Ruling the Root
Overcoat writes "Interesting review on Salon of the recently published book by Milton Mueller entitled Ruling The Root. The review claims that ICANN's dominance of the Domain Name System will lead to the end of free speech the the internet: 'But what is surprising, and disturbing, is the process by which control over the domain name system has been used to extend intellectual property rights to new heights. Ultimately, the free-speech utopia of cyberspace is evolving into a domain where corporate interests have more power to control speech than they have had in other arenas.' Not sure if trademarking "yahooo.com" constitutes a really big threat to free speech, but it's still a thought-provoking article."

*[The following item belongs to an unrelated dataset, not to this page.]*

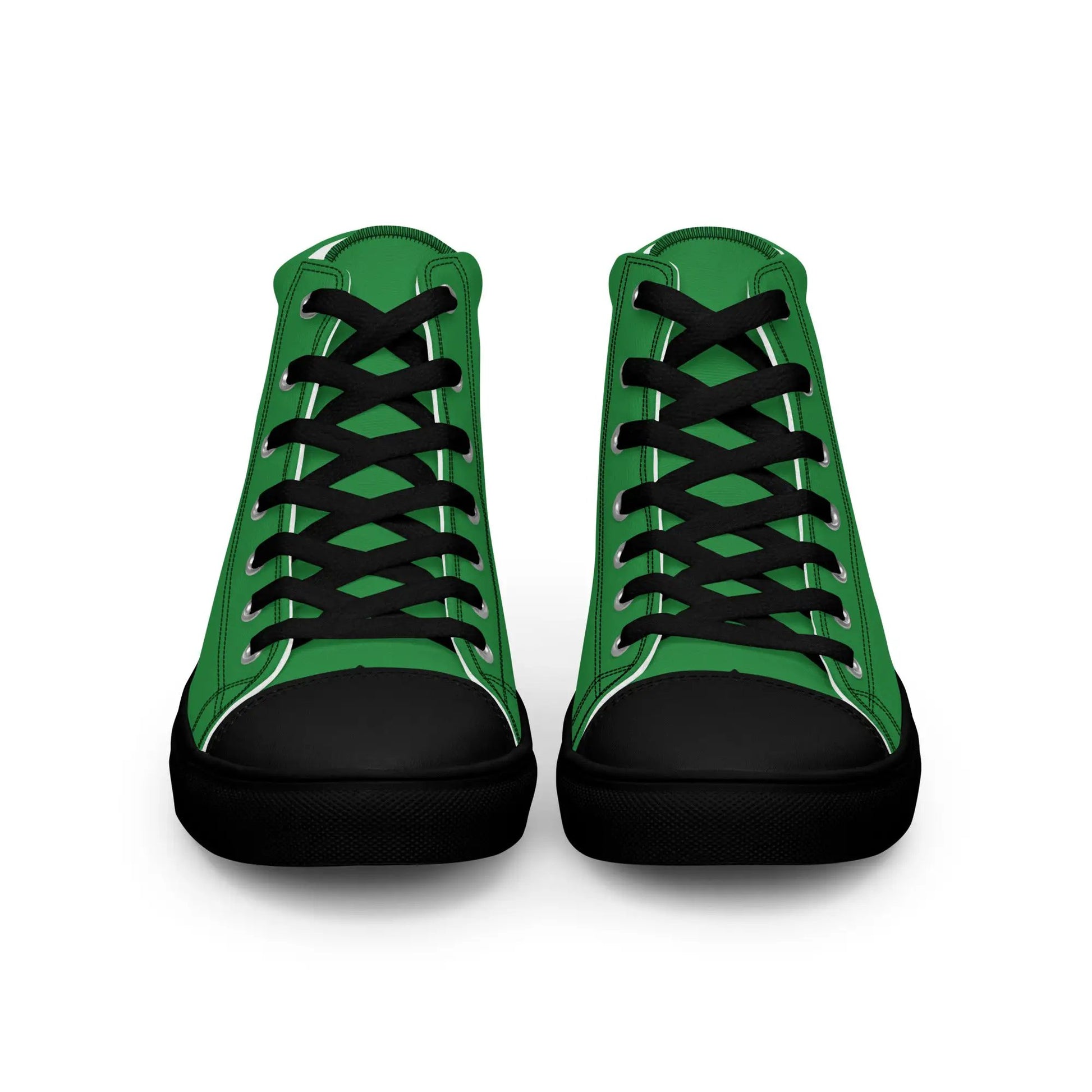 Pair of men's green high-top canvas shoes with black laces.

For example, Yahoo gets to trademark not only its own name, but at least 30 misspellings of its name. And it can prevent other groups from registering domain names with the word Yahoo in them, even if they are not competing in any way with Yahoo's business. In both cases, Internet practice goes beyond established legal precedent.
So what? Those misspellings are obvious attempts at getting money (from popup circle jerks for porn sites, usually) off Yahoo!'s brandname - shouldn't they have the right to stop that? It'd be like naming a product CocaCola instead of Coca-Cola - the intent is obvious.
When scientologists can get slashdot to remove comments from the site because they violate copyright laws, or ms bitches that slashdot comments violate the dmca, or when corporations think that everyone should be identifiable on the internet, or that web pages with criticism should be sued into oblivion, or when someone makes a secnario on kuro5hin about the vice president, you get the secret service knocking at your door, we should be worried about free speech on the internet
Slashdot Hypocrisy at work?
The problem is that the way it's desgined is that someone has to be in charge of the system, in order to maintain integrity. Then the problem is that who should be able to claim control, and who is watching over them?
At first I thought this was a BS article bemoaning the special treatment the rich get when arbitrating domain name disputes. But they save a very big surprise for the end.
"Copyright interests now view expanded WHOIS functionality as a way to identify and serve process upon the owners of allegedly infringing Web sites," writes Mueller. "That is, 'technical coordination' of the domain name system is already being leveraged to police the content of Web sites as well as their domain names. Moreover, public law enforcement agencies, notably the U.S. Federal Bureau of Investigation, have become deeply interested in the use of WHOIS to supplement their law enforcement activities. Ultimately, the intent seems to be to make a domain name the cyberspace equivalent of a driver's license. Only, unlike the driver's licenses database, this one would be publicly accessible to anyone and everyone to rummage through as they pleased."
People will draw different conclusions from this. But it's certainly not just about trademarks.
We're on the road to Tycho.
I'm interested in reading the book's take on this, but it seems to me that DNS was never meant to be twisted into what it's being used for today.
DNS's primary purpose was to allow someone to lookup a numerical address from a hierarchial alphanumeric one. It was never meant to be a search mechanism for people to find an organization. That's what directories like X.500 and LDAP, or search engines are for. The very fact that there can be multiple commercial entities primarily identified with the same word makes DNS wholly unsuitable for this.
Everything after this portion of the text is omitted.